Comme dans tous les cas précédents, selon lui, la machine tribale est en marche et le scénario est bien connu. La famille de la victime, en général pauvre, fragile et analphabète, va être soumise au jeu du bâton et de la carotte, menace d’exclusion du groupe, plus d’aide, plus de solidarité tribale… Avec des discours du genre : «votre famille c’est nous, les autres sont là justes pour les intérêts des occidentaux », etc. Une machine bien huilée, accompagnée de cadeaux et de subites attentions portées à la victime, comme la vidéo montrant une Ghaya bien habillée et coiffée récusant tous les propos qu’elle avait tenu et accusant IRA de l’avoir manipulée. »Une image tout à fait différente de la jeune fille en pleurs, mal fagotée, portant les stigmates de coups et aux cheveux sales que nous avions recueillie », s’indigne Abou Diop, membre d’IRA. La mère de la fille a sorti elle aussi une vidéo où elle dénonce la vaste campagne de calomnie portée contre sa fille. Elle déclare que c’est elle-même qui l’a louée à Lalla Mint Jidou, moyennant un salaire mensuel de 800 MRU (environ 20 euros). Enfin, elle déclare qu’elle poursuivra IRA en justice pour réclamer des dommages et intérêts.
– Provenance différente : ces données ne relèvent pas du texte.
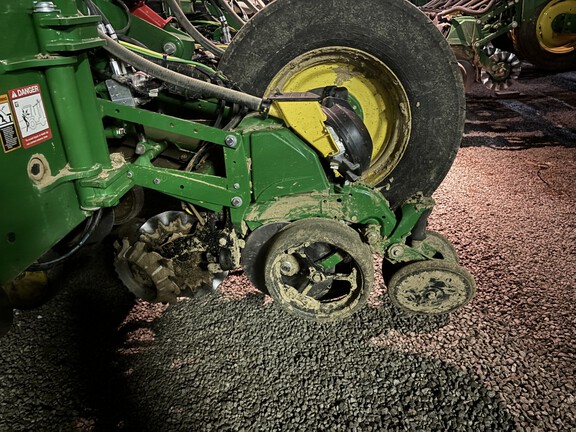 2022 John-Deere 1775NT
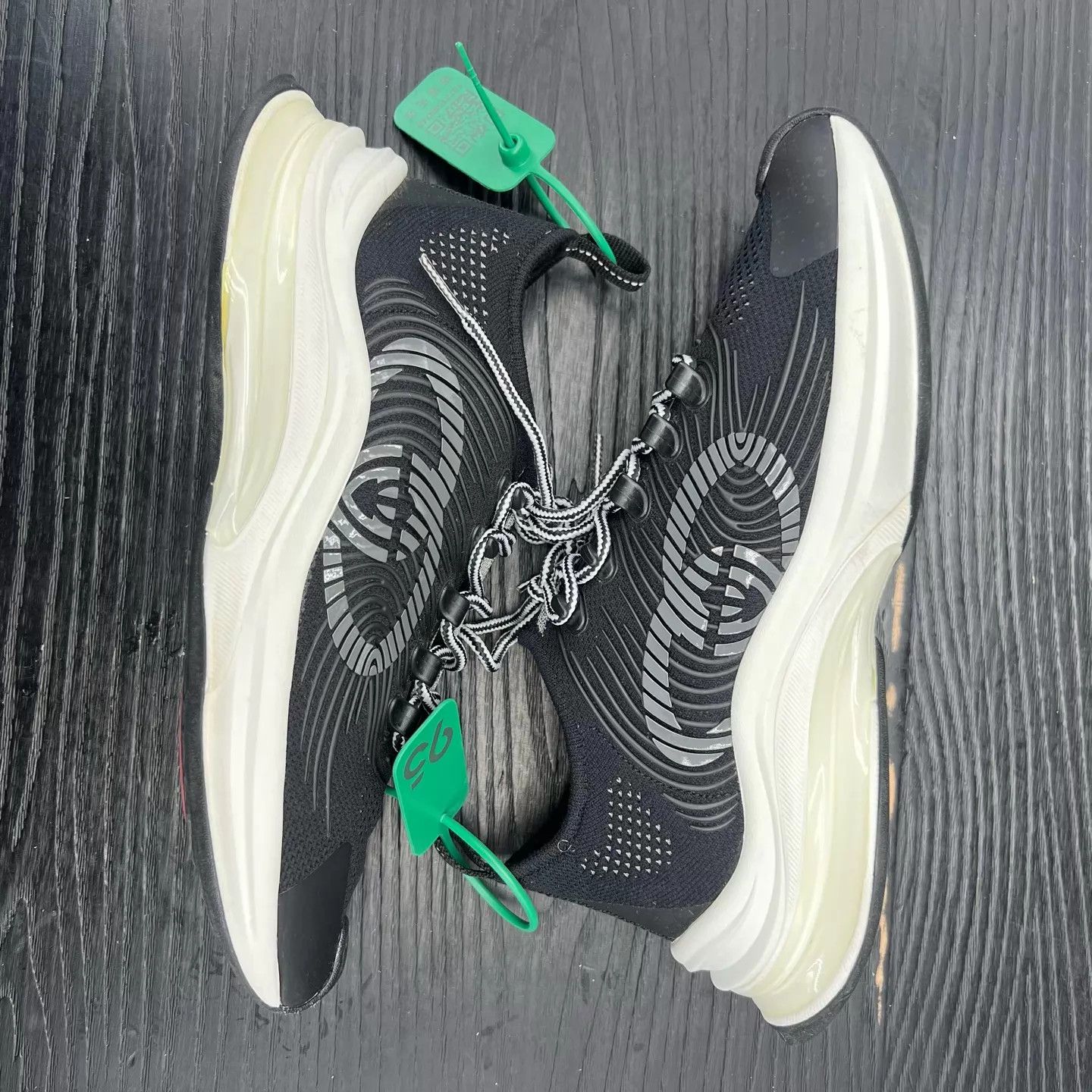 Gucci Gucci Run Black Sneakers Women's 37 New W/ Box Size US 6.5 / IT 36.5 - 7 Thumbnail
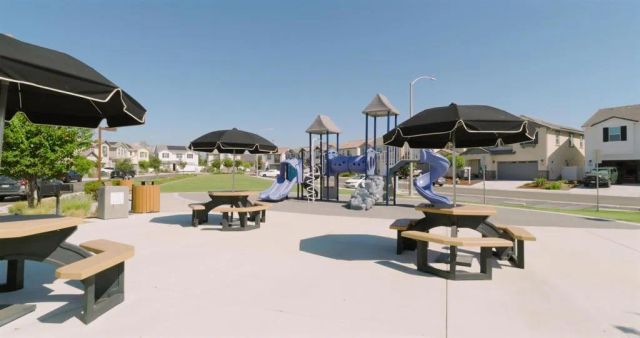 9392 Song Bird Way, Santee, CA 92071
De la bonne foi des autorités mauritaniennes
De la conduite de la procédure sur l’affaire Ghaya Maiga, même si elle semble être faussée dès le départ par l’attitude du juge d’instruction, dépendra en grande partie la crédibilité de l’Etat mauritanien face à ses engagements internationaux à appliquer la loi 2015-031. Présent depuis près de 3 ans en Mauritanie, suite à la ratification du protocole 2014 de la convention n°029 de l’Organisation Internationale du Travail (OIT) portant sur le travail forcé, le projet Bridge a organisé plusieurs séminaires de formation sur la loi en question. Des dizaines d’administrateurs, magistrats, procureurs, juges d’instructions, avocats, greffiers, officiers de la police judiciaire, élus, leaders religieux et communautaires, et militants des droits de l’homme ont été formés par le projet Bridge sur la loi 2015-031, en particulier à Nouakchott et Nouadhibou. Sans compter la prise en charge chaque année de la journée nationale sur l’esclavage. Dernièrement, Bridge en collaboration avec le ministère du Travail a également organisé une tournée régionale dans l’ensemble du pays entre juillet et août 2019, sur le travail forcé, le travail décent, l’exploitation au travail, etc. Jusque-là, le gouvernement mauritanien a montré tout son engagement à faire respecter la loi sur le travail et à combattre toute forme d’exploitation.
Affaire à suivre
Le 11 septembre 2019, «face à la machine d’Etat qui cherche à étouffer ce énième cas d’esclavage», selon eux, les militants d’IRA qui n’ont pas baissé les bras ont organisé un sit-in massif devant le tribunal d’Arafat, où les deux parties étaient convoquées pour la suite du dossier. Ils comptent poursuivre l’affaire Ghaya Maiga qui, selon eux, relève du sort d’une jeune esclave prise en otage par ses propres parents et ses bourreaux.